Calling
fortran subroutine from python is really easy using the f2py tool that
does the compiling and wrapping of fortran code and ultimately produces a
python callable module. The process is really painless and fun! Now the
question comes why you would want to call fortran from python. One of
the important reasons could be plotting ! Yes, if you had ever wanted to
do all the post processing stuffs apart from the main simulation in a
language that provides easy-to-use plotting libraries you would have
possibly ruled out all basic languages like fortran/cpp/c/java. Most of
the people I know either use matlab or python+numpy for post processing
for obvious reasons. Well, life does not go smooth and we can not get
all the goodies all the time. There might come a time when you may feel
frustrated by the speed and memory management of python or matlab. In
such situations binding fortran with python may provide you with a
relief. In my case, I was trying to calculate correlation between
different x-y planes of a large 3D array having dimensions or ranks
2048x2048x64. The data file takes approximately of space. I was trying to
calculate correlation using Matlab's xcorr2 and it was excruciatingly
slow. It is not like Matlab is slow. I picked the wrong function for my
purpose. For large arrays xcorr2 or scipy.signal's 'correlate2d' is not
the right choice for correlation calculations and I am going to show
why. Before that, lets see how to call fortran from python. The key tool
for this purpose is f2py. I use Debian/Ubuntu linux systems and it was
installed from the repository. To get desired output and avoid surprise
you just need to declare variables in fortran subroutines with the
'intent' attribute. From 'intent(in)' or 'intent(out)' attribute f2py
will figure out how to arrange the dummy variables in call signature.
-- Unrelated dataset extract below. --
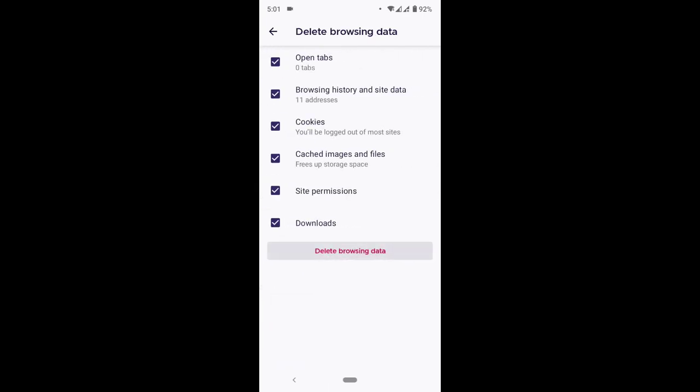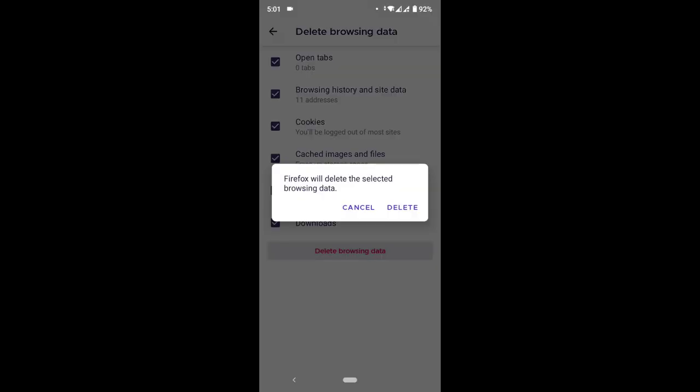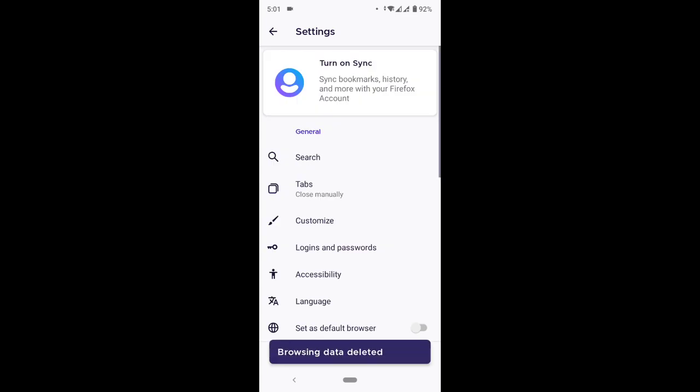You can see you can clear or delete history, cookies, and all cache on Mozilla Firefox browser by pressing Delete Browsing Data, then you delete the browsing data. Hope with this you've learned how to clear cookies, history, and cache on Mozilla Firefox browser.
f2py removes all variables with 'intent(out)' attribute. The resulting
module from f2py will return the original 'intent(out)' variables in a
tuple when called from python. By the way I have not used any deferred
shape arrays in fortran subroutine dummy arguments. The fortran file
that I compiled using f2py is "multiLevelCrossCorrFFTM.F90" and created a
module named "mxcorr". "multiLevelCrossCorrFFTM.F90" uses the "fftw3"
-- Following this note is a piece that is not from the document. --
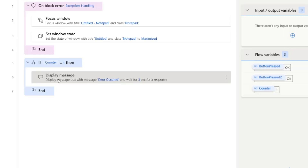On Block Error stores all actions inside it and lets you specify a single rule: if any of those actions produce an error, perform a certain action. If you like this video, please click the like button and subscribe to my YouTube channel. If you have any questions, post them in the comment section. Thank you for watching, have a great day.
library for calculating correlation. libfftw3.so will be dynamically
linked to f2py generated module without any issue. However I had hard
time forcing the compiler to search for 'fftw.h' header file. After
searching the web I realized that if the subroutine is saved with ".f90"
extension the preprocessor does not run correctly to include the header
but saving fortran files with " .F90" extension solves the problem!
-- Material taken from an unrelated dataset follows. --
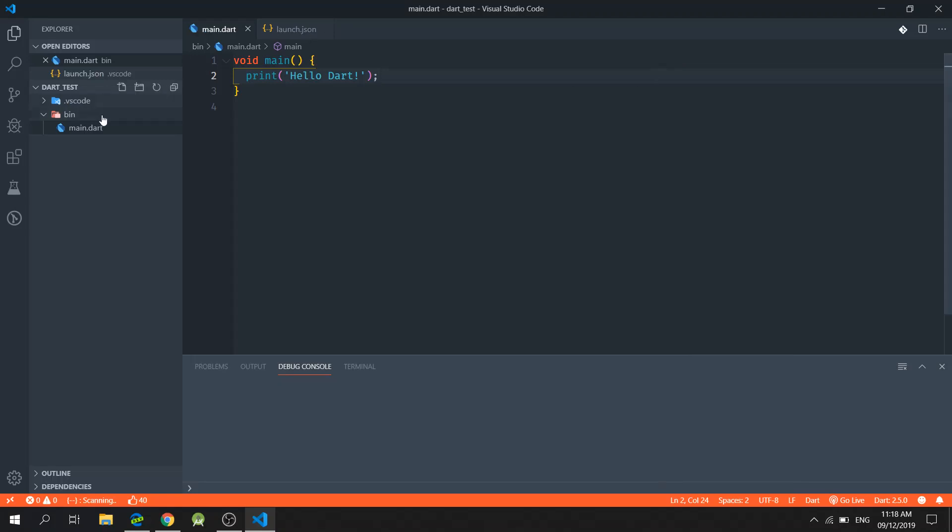Hi guys, my name is Jaryl and in this video I will show you the basics of the Dart programming language.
The produced mxcorr module by f2py is imported in "forFromPy.py" script
and used. Full codes are given and the procedure should be apparent
from the example.
A very good tutorial on f2py can be found here :
http://www.ucs.cam.ac.uk/docs/course-notes/unix-courses/pythonfortran/files/f2py.pdf
Note
: It is important to check the call signature of the functions produced
by f2py. Issuing the command help(mxcorr) in python prompt produces
the output:
NAME
mxcorr
FILE
/home/ahsan/MEGA/javaProgramsPostProcessing/NeutralChannel/turbStruc3D_corr3D/testJava/mxcorr.so
DESCRIPTION
This module 'mxcorr' is auto-generated with f2py (version:2).
Functions:
status,res =
multilevelcrosscorrfftm(arr3d,template,nx=shape(arr3d,0),ny=shape(arr3d,1),nz=shape(arr3d,2),snx=shape(template,0),sny=shape(template,1))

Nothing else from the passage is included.